Data listing

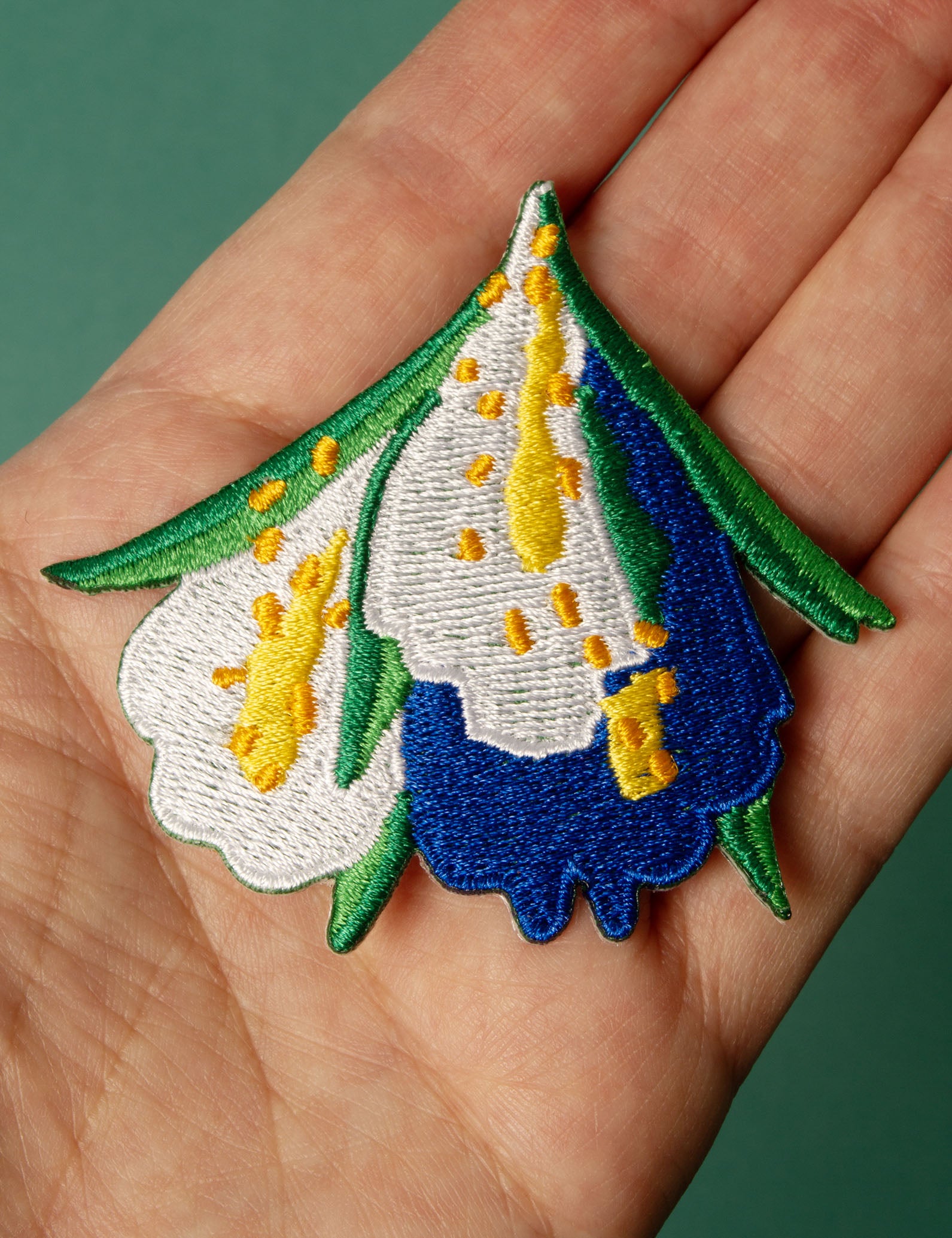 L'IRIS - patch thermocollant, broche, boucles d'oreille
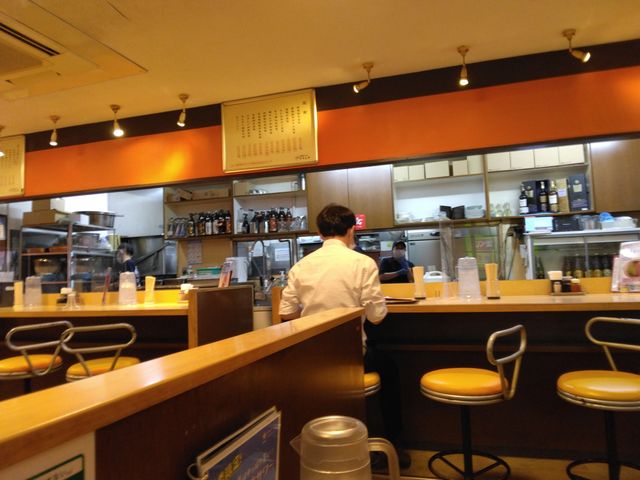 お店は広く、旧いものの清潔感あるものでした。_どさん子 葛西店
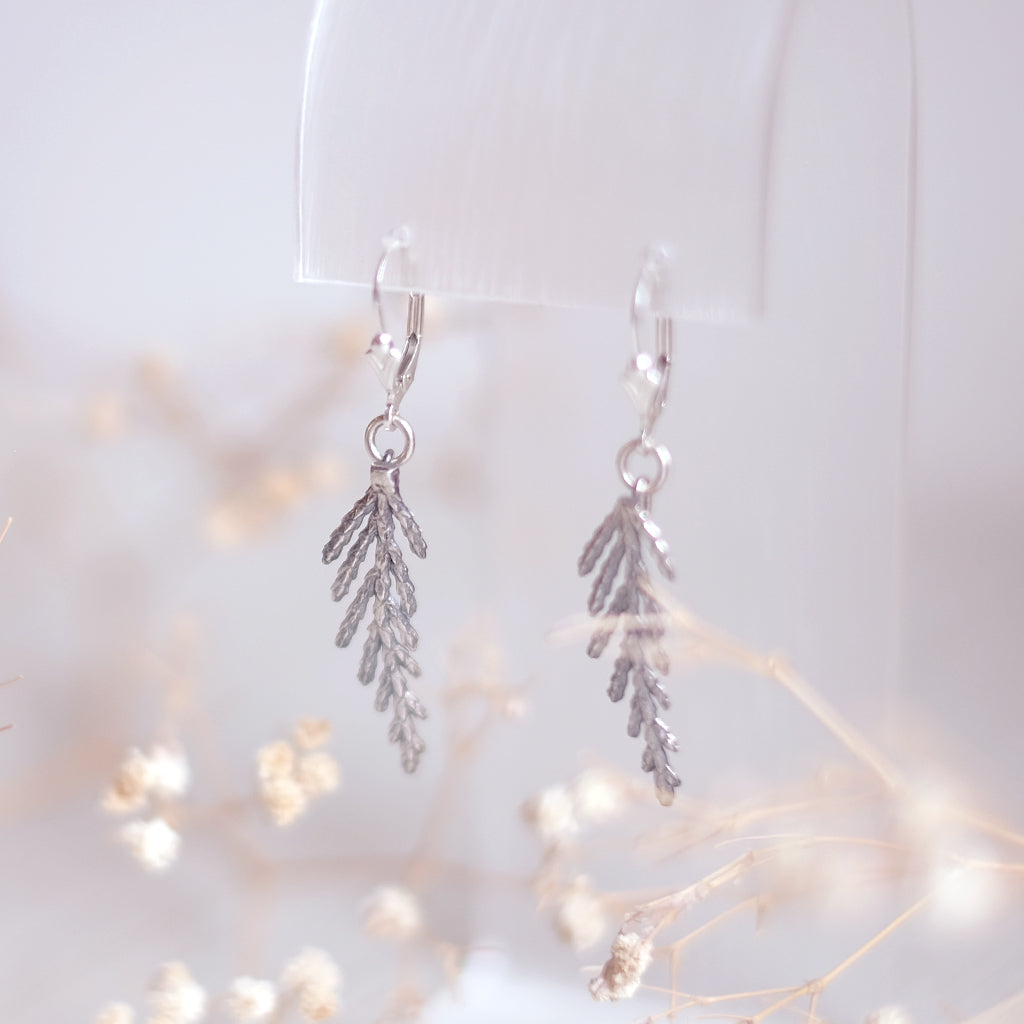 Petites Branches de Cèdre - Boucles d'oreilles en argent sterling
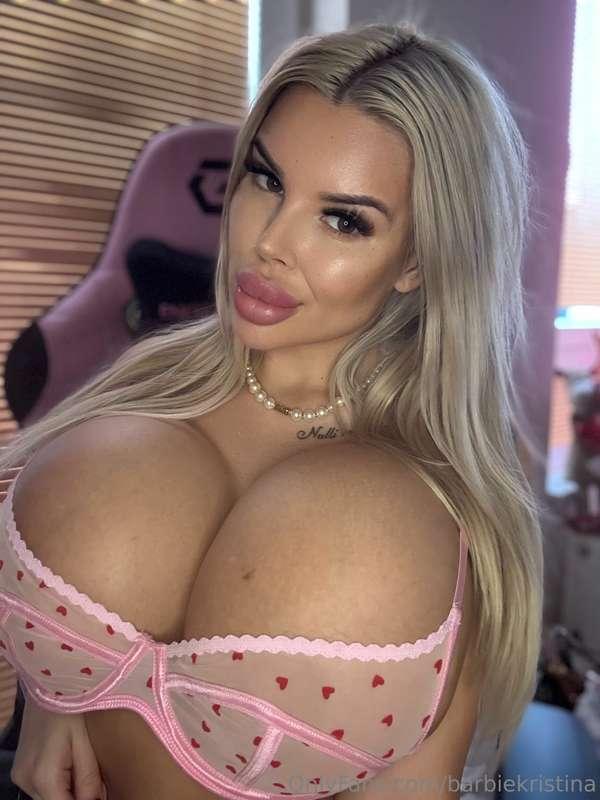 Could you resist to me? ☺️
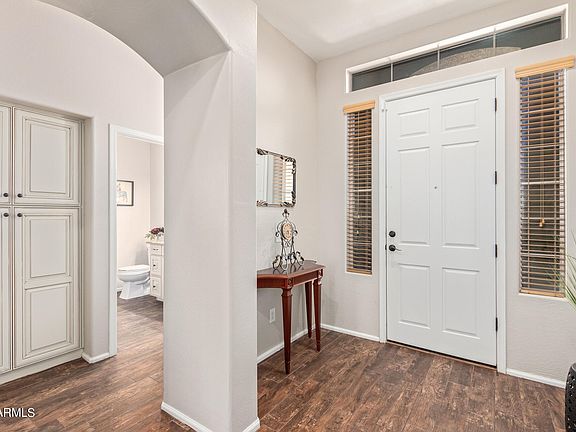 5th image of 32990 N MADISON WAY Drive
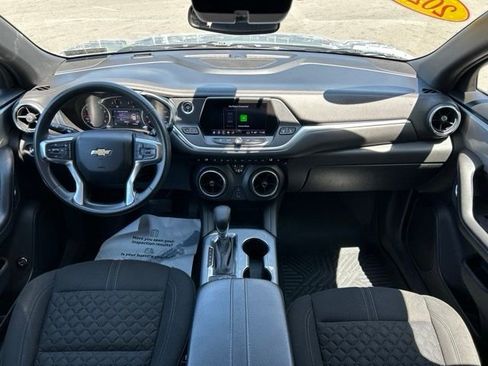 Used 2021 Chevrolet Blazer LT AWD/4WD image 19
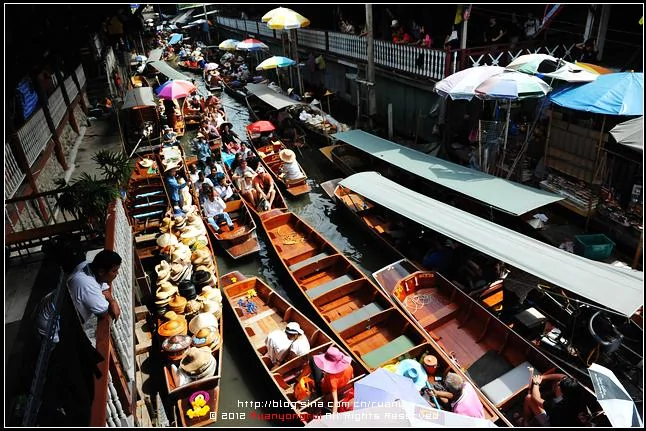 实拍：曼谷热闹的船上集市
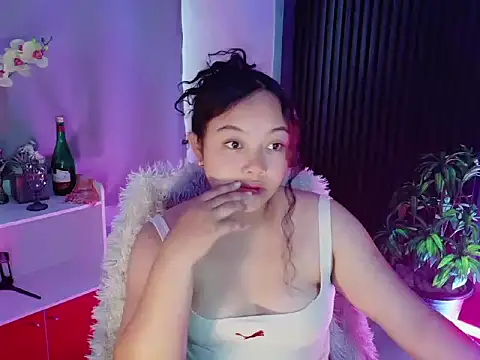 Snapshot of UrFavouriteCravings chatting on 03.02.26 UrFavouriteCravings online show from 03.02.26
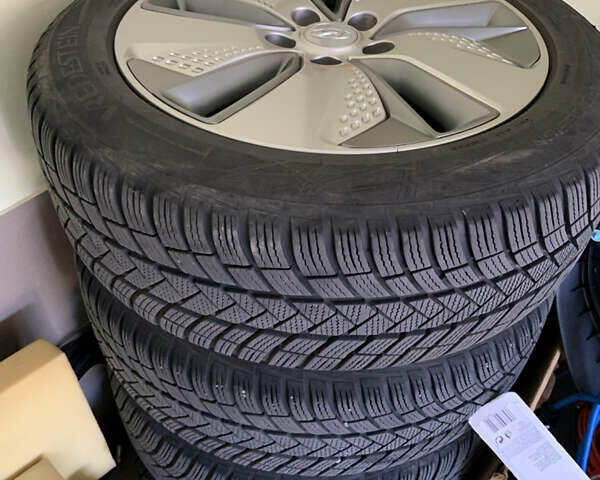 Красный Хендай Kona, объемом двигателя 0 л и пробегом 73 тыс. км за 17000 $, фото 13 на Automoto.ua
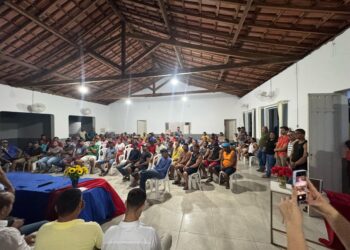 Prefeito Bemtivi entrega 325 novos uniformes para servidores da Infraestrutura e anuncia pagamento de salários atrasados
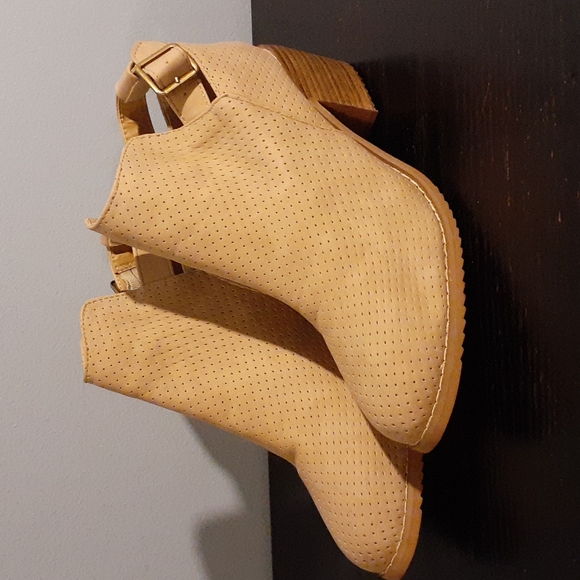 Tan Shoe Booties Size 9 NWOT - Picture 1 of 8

Task item
Give the listing again exactly, but omit each image.

Task response
 L'IRIS - patch thermocollant, broche, boucles d'oreille
 お店は広く、旧いものの清潔感あるものでした。_どさん子 葛西店
 Petites Branches de Cèdre - Boucles d'oreilles en argent sterling
 Could you resist to me? ☺️
 5th image of 32990 N MADISON WAY Drive
 Used 2021 Chevrolet Blazer LT AWD/4WD image 19
 实拍：曼谷热闹的船上集市
 Snapshot of UrFavouriteCravings chatting on 03.02.26 UrFavouriteCravings online show from 03.02.26
 Красный Хендай Kona, объемом двигателя 0 л и пробегом 73 тыс. км за 17000 $, фото 13 на Automoto.ua
 Prefeito Bemtivi entrega 325 novos uniformes para servidores da Infraestrutura e anuncia pagamento de salários atrasados
 Tan Shoe Booties Size 9 NWOT - Picture 1 of 8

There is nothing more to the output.